木阳玉呼吸一紧,凄寒之意从心底升起,她不明白骆慕阳为何要专程来告诉她墨言晋封的事,难道只是为了看她难过吗?
墨言……她该为墨言高兴的,毕竟她已经等了太久了,想到这儿,木阳玉逸出一抹勉强的笑意道,“林婕妤能得皇上恩宠,是她的福气,臣妾……臣妾……”说到这里她不知该怎么说下去。
“你没有什么别的话要说吗?”骆慕阳的脸一直是淡漠的,看不出他心中在想些什么,更猜不透他专程来说这些的目的所在。
“皇上还想听臣妾说什么吗?”木阳玉努力维持着脸上的笑意,不让隐在心中的悲伤露出来。
木阳玉没有任何闪躲的迎上他的目光,从一开始她就不觉得这个能瞒过骆慕阳,骆慕阳是个聪明人,从他怀疑水贵妃的事上就能看出来。
骆慕阳的眼中有木阳玉所不明白的东西,也许她从来都没明白过骆慕阳的心思,“如果皇上没有忘记臣妾,为何一直都不曾来看过臣妾,也不肯让我见你!”
听到这话,骆慕阳微叹了一声,手动了一下似乎是想去抚木阳玉的脸,但刚升到一半就被他收了回去,背在身后,“不说这个了,朕此来是有一件事要告诉你,在宫外生下昭儿,遭遇危险时,你曾舍命一次,当初若非如此,你也不会流落民间,更不会……”
骆慕阳悄然握紧了背在身后的手,后面的话竟是怎么也说不出来,他深吸了口气继续道,“你有功,理应封赏,而朕也早替你想好了,就封为素妃,原本这个位置你一回宫时朕就想许给你的,可是却因一些事而耽误了,朕知道你和林婕妤一向交好,情同姐妹,所以朕决定让你们二人一并行册封礼,明日,这两道旨意会分别从华清宫传出。”
木阳玉没想到骆慕阳会突然想到晋自己的位份,有功社稷,确是当得起四妃的位份,只是她最在意的并不是这个,而是他的信任,上次于病榻前所说的话,他可是相信了?

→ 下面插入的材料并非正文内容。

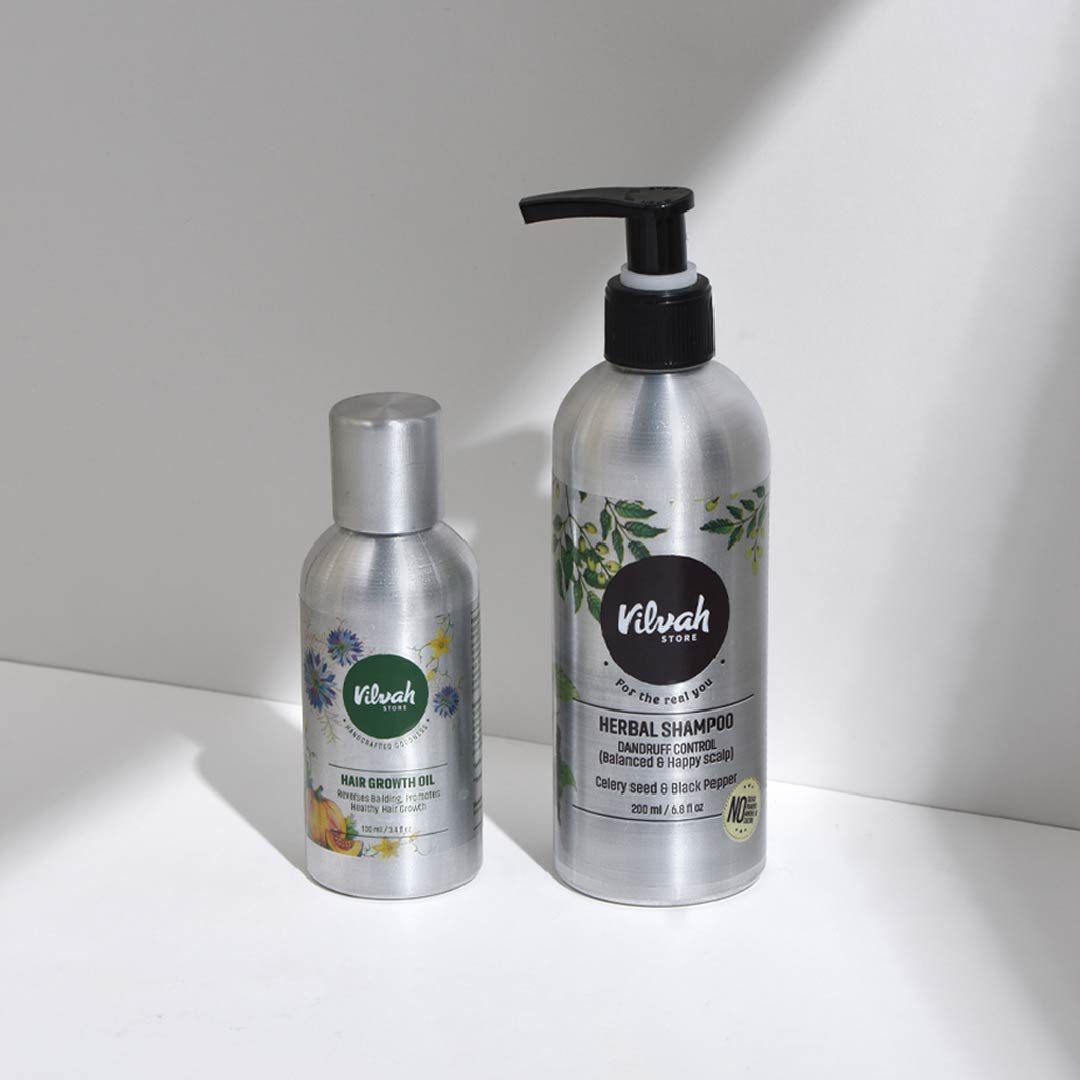 hairfall control combo - Vilvah's herbal shampoo and hair growth oil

“臣妾只怕德行不足以服众,会辜负了皇上的厚望!”木阳玉垂目说着,声音淡然。骆慕阳目光微闪,仰首望着雕梁画栋的屋顶轻声道,“不,你担得起,若不是宫中流言四起,这妃位早就是你的,行了,不说这个了,总之朕意以决,明日秦桑会来你这儿宣旨!”
说完这话,他侧目看了木阳玉一眼后道,“好了,朕要说的已经都说了,朕该走了!”
“皇上,您还是不信臣妾对吗?即使您许了臣妾妃位,您还是不信臣妾所说的话对吗?”木阳玉叫住了骆慕阳,然后走到他面前询声问着。
骆慕阳默然无语,良久才道,“不是不信,而是……有些事朕还没想明白,等朕想通了再说。”
“那皇上你要是一辈子都想不通呢?”木阳玉继续追问着,至于是什么事她却没问,多半是关于她与阿夜的事。
骆慕阳这一次没有再回答,径自绕过木阳玉跨出了如意轩,他的步履是如此之快,犹似在逃一般,木阳玉在后面默然目送。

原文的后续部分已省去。